I did not have correspondence on my radar. However, correspondence has become a major part of my life over the last few years, a huge unexpected joy.

It started with the haiku project in 2013. Write a haiku a day, put it on a postcard and send it to a friend. My Montana friend gracefully agreed to be the recipient of said postcards, and I decided to try to do a postcard a day for a year. I missed only a very few days, and I’m still doing it.

A friend in Colorado read about the project and started her own version of a postcard project with a variety of recipients (some receiving daily postcards and some receiving weekly postcards). I was one of the weekly recipients (and some weeks I received more than one). I am still one of the weekly recipients (we postcard project people clearly are not quitters), and she started her project back in August of 2014.

Fast forward to the fall of 2015. I started having serious computer problems. Email longer than a few sentences became untenable. It took a few months to figure out, but in the meantime, I was losing touch with some of my out-of-town friends, including Jami in Colorado.

So I started sending letters and cards via snail mail. This might seem extreme, but when it is taking two or three days to send an email, snail mail begins to look quite inviting. And I had an entire drawer full of cards that I had collected or received as gifts over the years, so there was no expense except postage. (Oh, and the obsession I developed with finding fun writing pens—you may not realize it, but sometimes you need to use different kinds of pens on different kinds of paper. Slippery paper requires special care.)

Jami (Colorado) almost immediately asked if I wanted to move completely (almost) from email to snail mail for the duration of my computer problem. Yes! And so it began.

With a weekly postcard and a weekly letter or card from Jami, plus occasional mail from other friends that responded in kind, getting the mail became much more fun. And the more fun it became, the more I wrote. The computer got fixed, and Jami and I continued our snail mail correspondence and still do. But now, it’s more like three or four cards a week (blank notecards that we usually write on both sides and the back), and it’s come to the point where I’m more likely to get something personal in the mail on a given day than not. And it’s not just Jami. I have several friends in town who send occasional cards and notes, and just today I got a postcard from a friend visiting Hawaii.

Sometimes I run across a funny in the newspaper that makes me think of a friend, and I clip it and send it to them with a note in a card (and it usually ends up being a longish note, because these are friends, and there are always things to say; also, smaller cards can be used if you are feeling somewhat less verbose on a given day).

I have one friend that I like to send scandalous postcards to because they make her burst out laughing when she finds them in the mailbox.

The payback? The payback is pure joy. First, I love writing (hence blog), so there’s that. But writing to close friends is more personal than the blog, and it can help me process feelings simply by writing them down, which is very grounding, so that’s a second thing.

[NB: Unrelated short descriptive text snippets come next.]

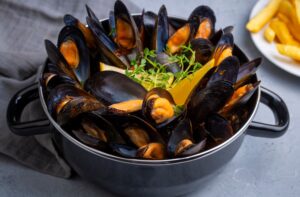 Delicious seafood mussels with parsley sauce and lemon. Delicious steamed mussels.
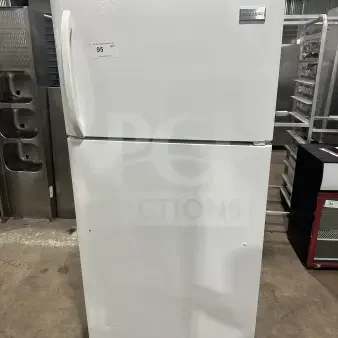 Frigidaire white top-freezer refrigerator, model FRT18G2NW9, featuring a poly coated wired rack, visible exterior dent.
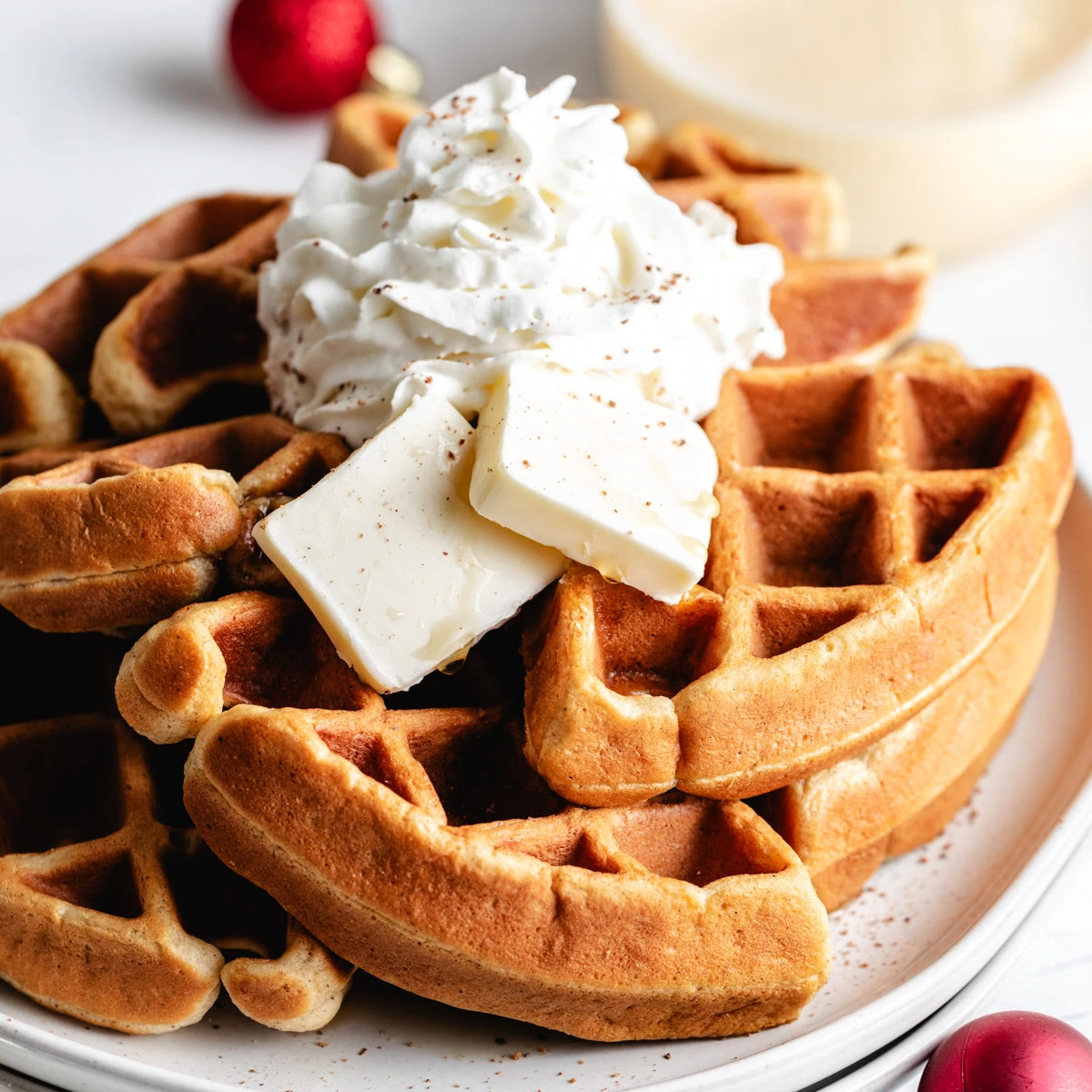 Eggnog waffles topped with whipped cream and butter.
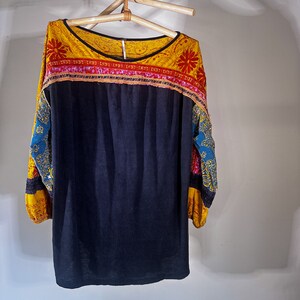 Puede incluir: Una camisa negra de manga larga con un cuello y mangas con estampado amarillo, rojo y azul. La camisa est&aacute; colgada de una percha de madera.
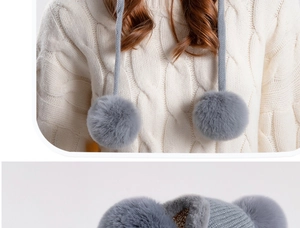 Detail of white cable knit texture with grey faux fur pompom and shiny yarn beanie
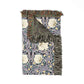 Decorative throw blanket with floral pattern and fringes on a white background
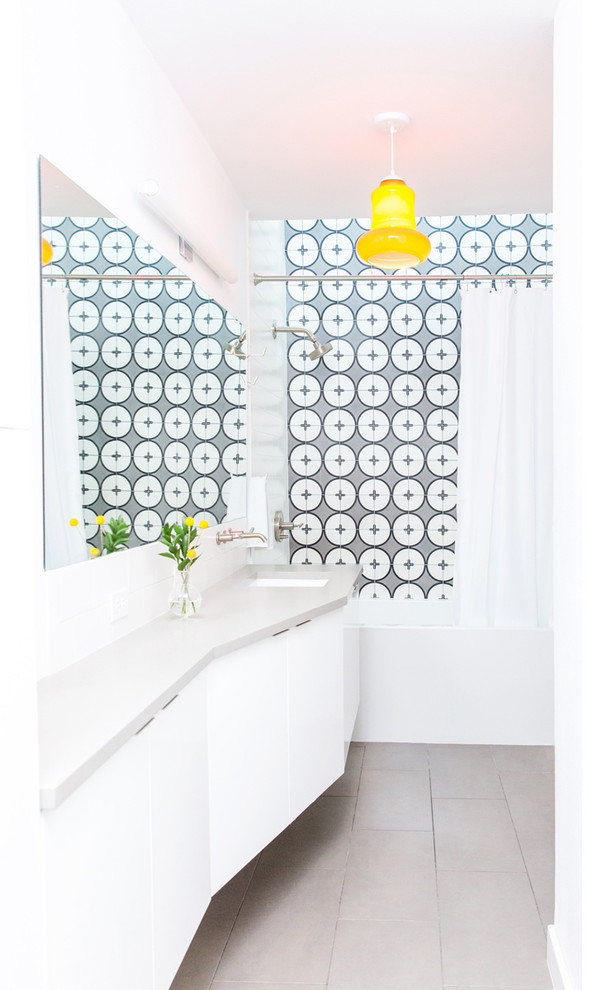 Inspiration for a small modern kids bathroom in Dallas with flat-panel cabinets, white cabinets, a drop-in tub, a shower/bathtub combo, white tile, ceramic tile, white walls, ceramic floors, an undermount sink, engineered quartz benchtops, beige floor and a shower curtain.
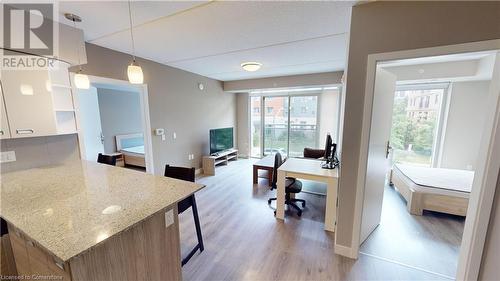 Kitchen with white cabinetry, light wood-type flooring, a healthy amount of sunlight, and decorative light fixtures - 308 Lester Street Unit# 215, Waterloo, ON - Indoor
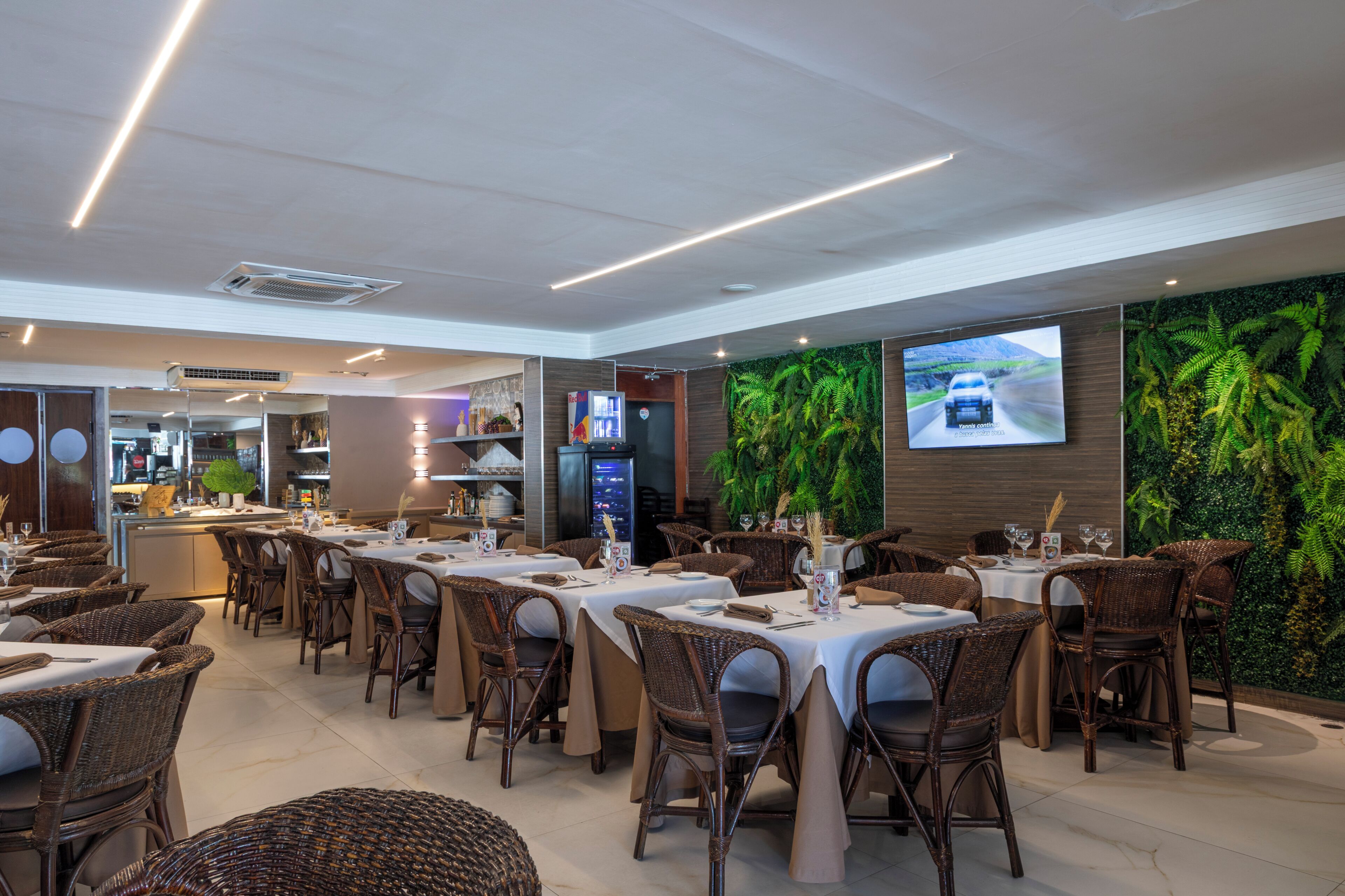Un restaurant avec plusieurs tables et des chaises en osier, un espace cuisine et un grand écran sur lequel est affichée une image de voiture.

Third, I get to support the U.S. mail system, which I think is one of the best things in this country. (And it also gives me an excuse to buy lots of the fun stamps the post office puts out, which I am tempted to count as number four but I won’t.)

Fourth, it brings joy into other people’s lives (a funny postcard, a poem, various goings-on, updates on important things like cooking successes and failures)—it singles a person out, and that means something; when the card is from a friend, you know it was chosen specifically for you; the words are written only to you. This primitive act of finding just the right card (or stationery), writing it, putting it in the envelope and addressing it (which of course means finding the address book), stamping it, and dropping it in the mailbox—somehow this primitive act does so much more than email. (I’m not sure which end experiences the greatest benefit, but I’m guessing the writer.)

Fifth, if you’re lucky, you might find a bit more personal mail on your porch floor (or wherever your snail mail lands). It’s fun. You pick it up, hold it in your hands. Read it (or tear it open and then read it), and if it’s a card, you often prop it up so you can enjoy it—usually for several days. (When’s the last time you propped up an email?)

Sixth, even if you don’t get more snail mail, you might strengthen relationships. I copied Jami’s weekly postcard idea and started sending a weekly postcard to my niece. This has led to a lot more correspondence (via text and email) and we’re both learning more about each other, which is a lot of fun.

Seventh, the correspondence can also be a form of artistic expression (especially with postcards). On my best days, the postcard picture reflects the haiku, and on the very best days, the stamp does too.

If this is new to you and you’re intrigued, you might want to consider starting small. Dig out some old postcards you got on vacation; send a note to a friend you’ve lost touch with.

Or perhaps you jump in with both feet and start your own project. A weekly postcard to an aunt or an old high school friend. A monthly riddle to your family….

If you like to write, you might be surprised at how much fun this can be. Addicting, really. Don’t say you weren’t warned.